- Exercise directions -
Where the word "with" occurs in a line of the data, return the whole line.

- Data for review -

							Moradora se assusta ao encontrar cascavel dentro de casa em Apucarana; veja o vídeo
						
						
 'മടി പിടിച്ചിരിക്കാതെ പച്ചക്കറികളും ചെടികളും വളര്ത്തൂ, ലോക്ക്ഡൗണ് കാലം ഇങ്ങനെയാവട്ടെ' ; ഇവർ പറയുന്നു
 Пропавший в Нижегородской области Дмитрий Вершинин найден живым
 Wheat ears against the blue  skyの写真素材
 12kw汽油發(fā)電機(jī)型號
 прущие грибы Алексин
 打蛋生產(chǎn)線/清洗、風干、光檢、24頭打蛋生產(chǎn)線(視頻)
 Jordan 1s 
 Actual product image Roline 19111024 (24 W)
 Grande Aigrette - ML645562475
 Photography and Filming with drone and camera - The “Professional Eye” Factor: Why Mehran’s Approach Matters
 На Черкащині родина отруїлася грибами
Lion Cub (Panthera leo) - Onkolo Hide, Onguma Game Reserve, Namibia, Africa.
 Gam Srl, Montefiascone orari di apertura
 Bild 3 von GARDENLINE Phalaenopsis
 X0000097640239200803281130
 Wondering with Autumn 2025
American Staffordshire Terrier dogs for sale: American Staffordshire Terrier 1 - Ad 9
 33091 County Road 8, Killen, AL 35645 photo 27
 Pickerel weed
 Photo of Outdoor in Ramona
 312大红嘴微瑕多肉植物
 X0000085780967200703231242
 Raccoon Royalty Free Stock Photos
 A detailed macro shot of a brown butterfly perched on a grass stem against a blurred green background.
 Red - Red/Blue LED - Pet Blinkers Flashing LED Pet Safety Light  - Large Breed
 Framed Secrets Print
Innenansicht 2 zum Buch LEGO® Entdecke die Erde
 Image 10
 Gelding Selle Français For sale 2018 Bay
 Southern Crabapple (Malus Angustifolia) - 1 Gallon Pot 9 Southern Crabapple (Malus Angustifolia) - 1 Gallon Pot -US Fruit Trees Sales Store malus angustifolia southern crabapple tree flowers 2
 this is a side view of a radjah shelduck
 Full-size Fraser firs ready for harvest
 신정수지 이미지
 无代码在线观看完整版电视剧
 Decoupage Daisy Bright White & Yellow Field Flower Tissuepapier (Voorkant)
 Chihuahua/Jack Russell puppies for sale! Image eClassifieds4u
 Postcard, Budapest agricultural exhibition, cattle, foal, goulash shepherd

- Response to the task -
 Photography and Filming with drone and camera - The “Professional Eye” Factor: Why Mehran’s Approach Matters
 Wondering with Autumn 2025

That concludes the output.